O convite do Papa Leão: superar a tentação de considerar a
paz distante e impossível, superar a "lógica agressiva e conflituosa"
segundo a qual a paz é buscada através de uma corrida armamentista
Andrea Tornielli
"Nada tem a capacidade de mudar-nos mais do que um
filho. E talvez seja justamente o pensamento nos nossos filhos, nas crianças e
também naqueles que são frágeis como elas, que nos traspassa o coração".
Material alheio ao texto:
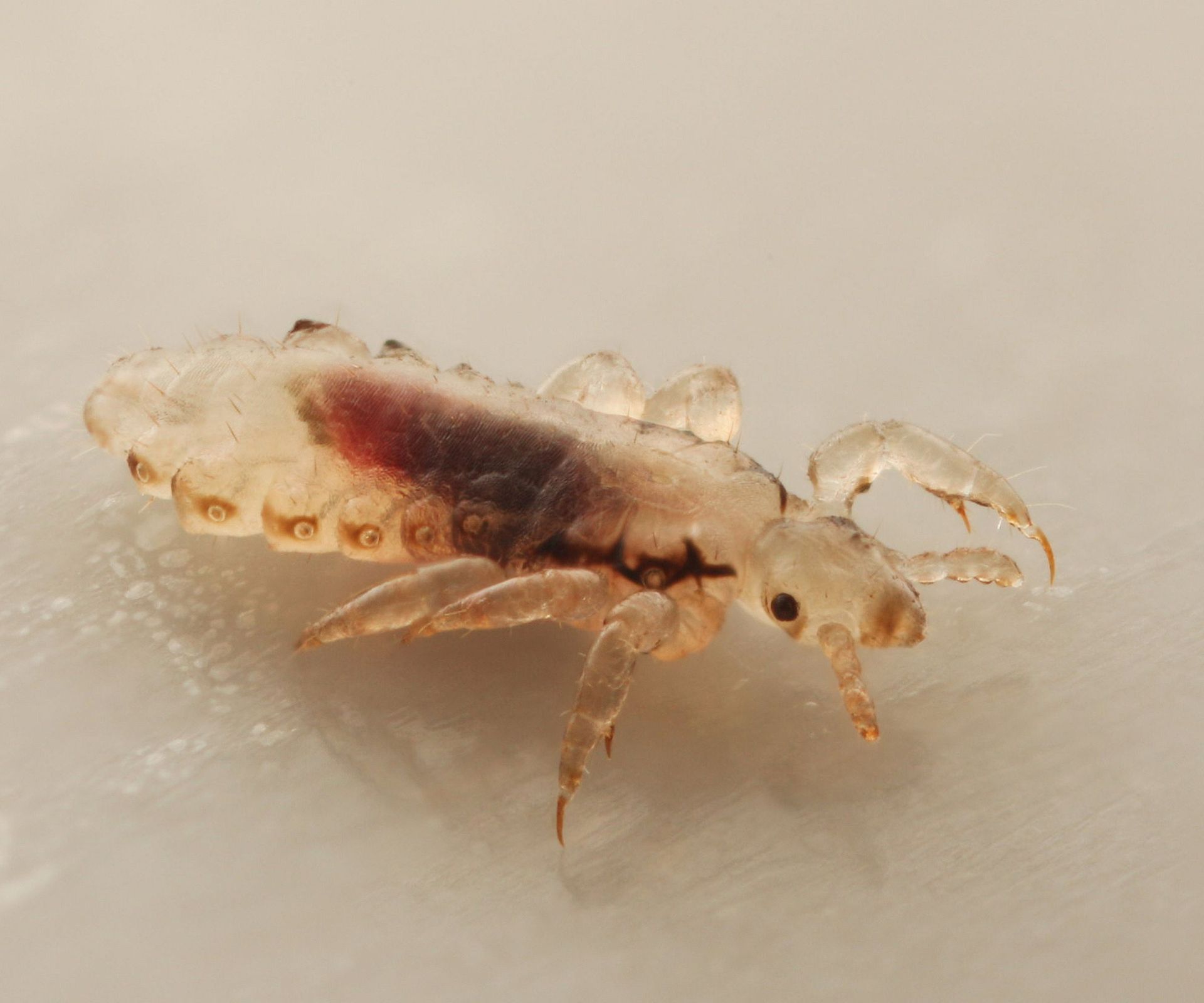 Does vinegar kill lice? Pest control professionals explain Homes & Gardens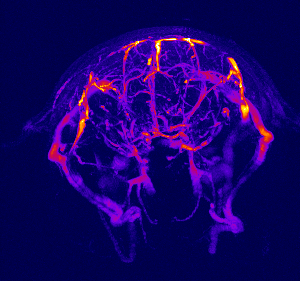Perfusion MRI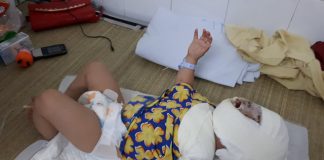 Nghẹn lòng trước khuôn mặt bé 9 tháng tuổi biến dạng vì ngã vào bếp lửa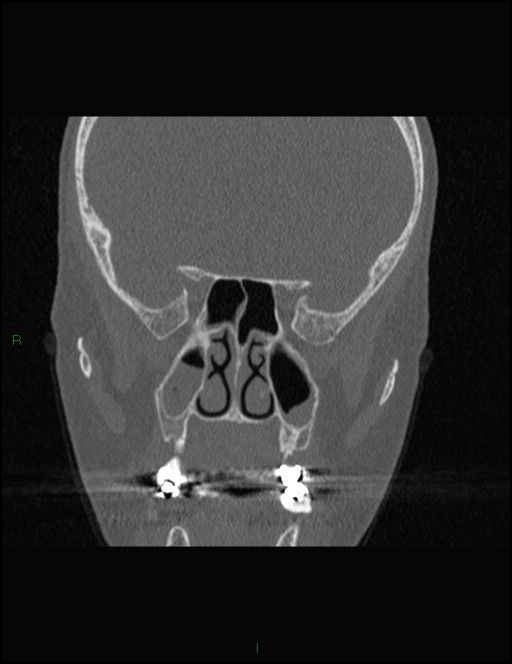 Bilateral frontal mucoceles (Radiopaedia 82352-96454 Coronal 184).jpg
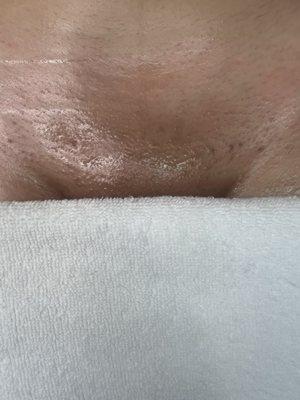 Brazilian Wax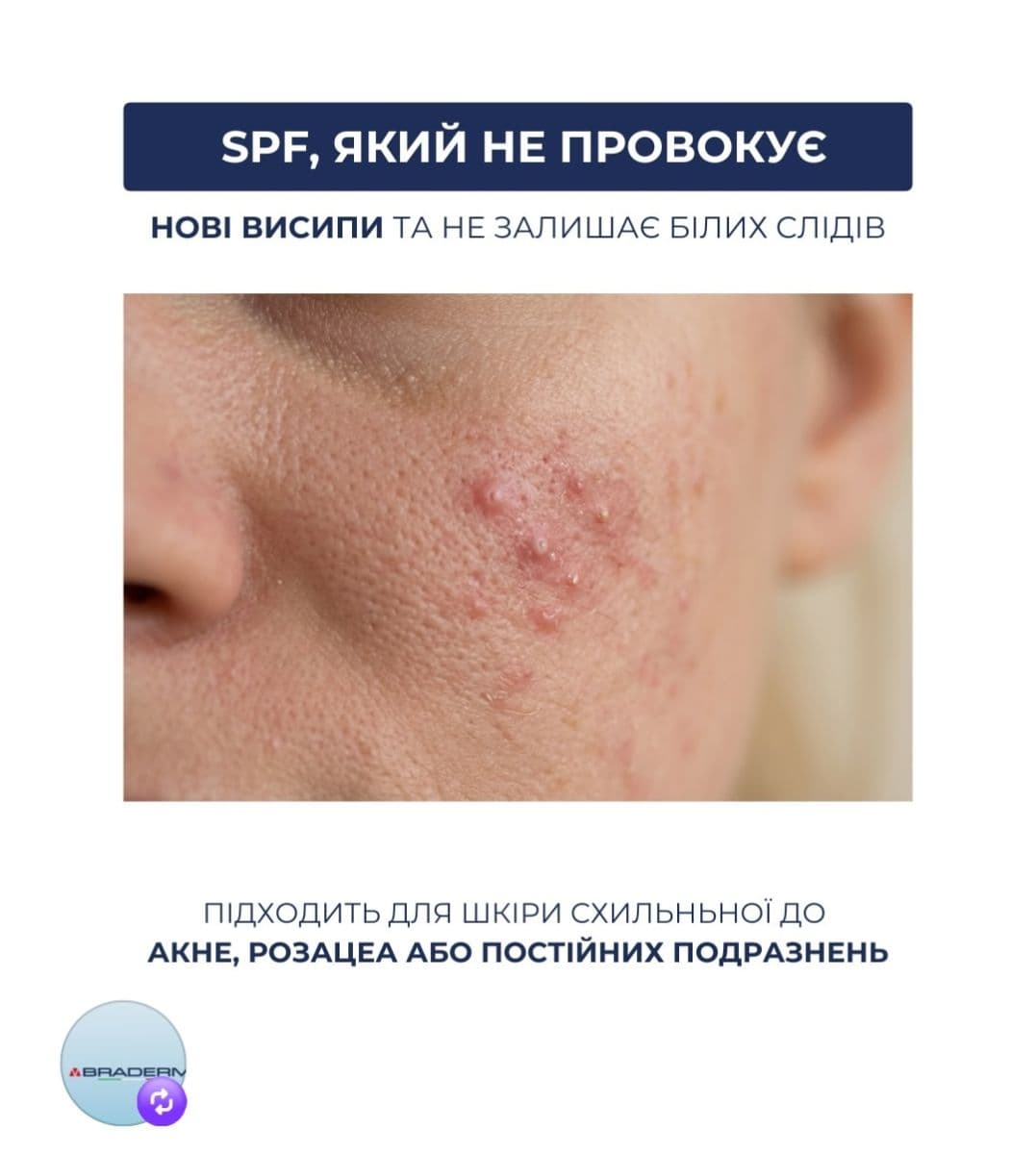 Сонцезахисний крем з протизапальним ефектом Braderm Azn Cream, 30 мл 2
Estas são as palavras que o Papa Leão usou em sua Mensagem para o Dia Mundial
da Paz. Deus, o Todo-Poderoso, fazendo-se Homem, aceita tornar-se criança,
totalmente dependente dos cuidados de uma mãe e de um pai, segundo a lógica da
pequenez, e escolhe vir ao mundo na pobreza de um estábulo e no isolamento de
uma periferia do Império Romano. Ele é "um Deus indefeso, pelo qual a
humanidade só pode descobrir-se amada cuidando d’Ele." Contemplando aquela
Criança, protagonista dos nossos presépios, não podemos ficar indiferentes ao
drama de tantas crianças vítimas da guerra, mortas pelas bombas na Ucrânia;
mortas em Gaza, primeiro pela chuva de mísseis e agora pelo frio devido à
dificuldade de acesso à ajuda humanitária; mortas nos muitos conflitos
esquecidos em outras partes do mundo.
Na mensagem para o Dia Mundial da Paz 2026, o Papa recorda
que a paz do Cristo ressuscitado é uma paz desarmada "porque desarmada foi
a sua luta dentro de precisas circunstâncias ...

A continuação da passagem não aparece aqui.